Every line from the one holding "Bild 1 - Erstbezug: Helles" through the one holding "Las vacas de" in the data below must be returned exactly, both ends included, with pictures left out and nothing else added.

Available data below:

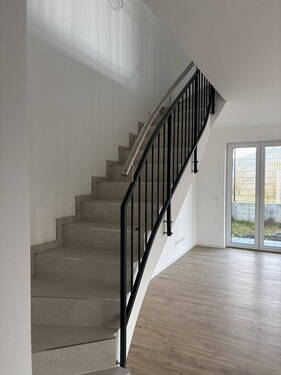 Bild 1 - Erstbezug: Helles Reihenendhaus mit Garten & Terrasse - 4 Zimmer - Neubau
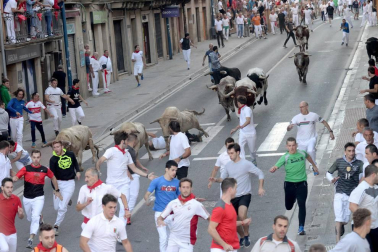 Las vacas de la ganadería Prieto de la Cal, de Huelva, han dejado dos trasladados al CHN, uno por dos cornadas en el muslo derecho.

End of Available data.
Available data below:

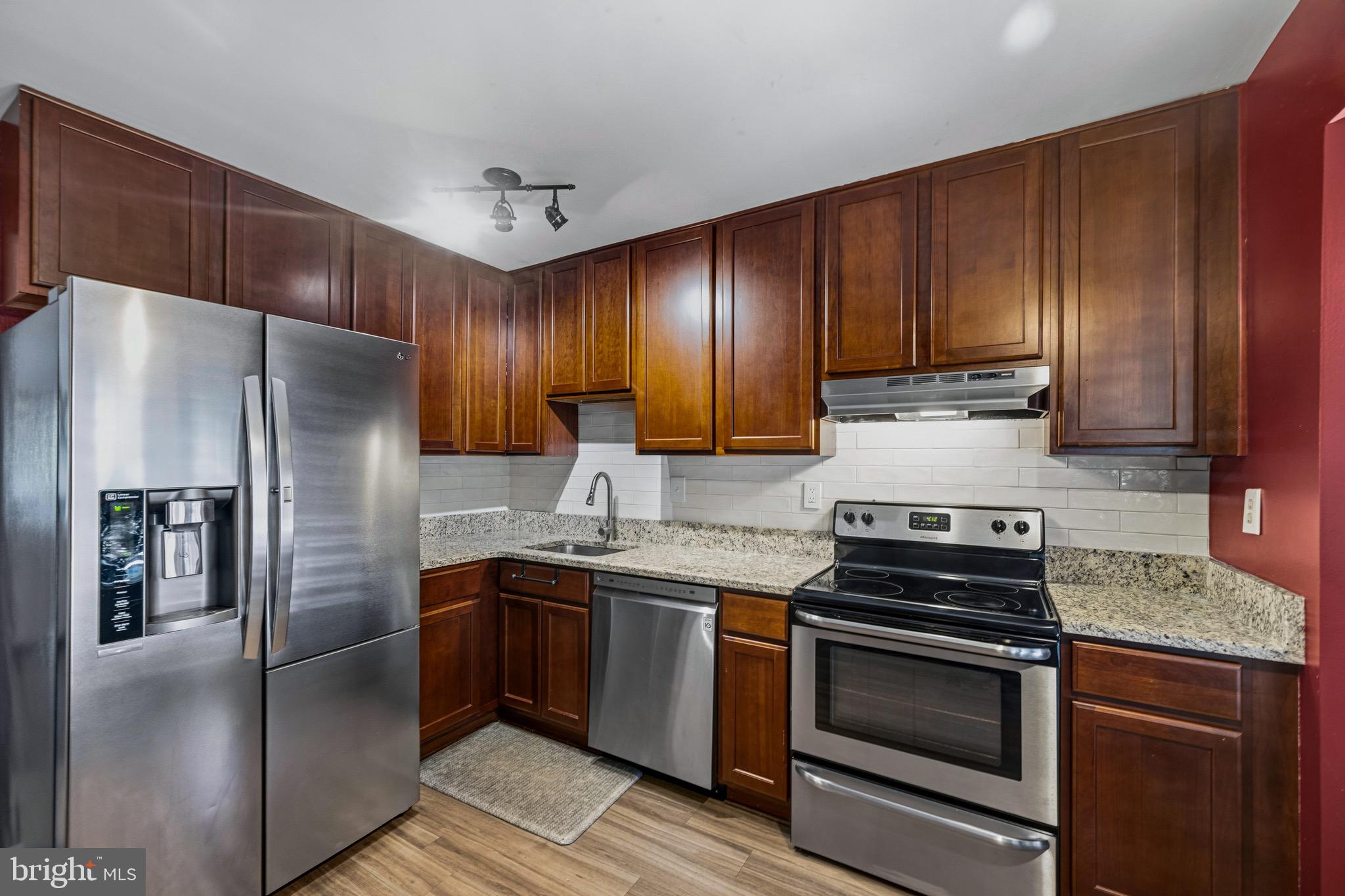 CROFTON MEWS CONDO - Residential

End of Available data.

■ Result below:
 Bild 1 - Erstbezug: Helles Reihenendhaus mit Garten & Terrasse - 4 Zimmer - Neubau
 Las vacas de la ganadería Prieto de la Cal, de Huelva, han dejado dos trasladados al CHN, uno por dos cornadas en el muslo derecho.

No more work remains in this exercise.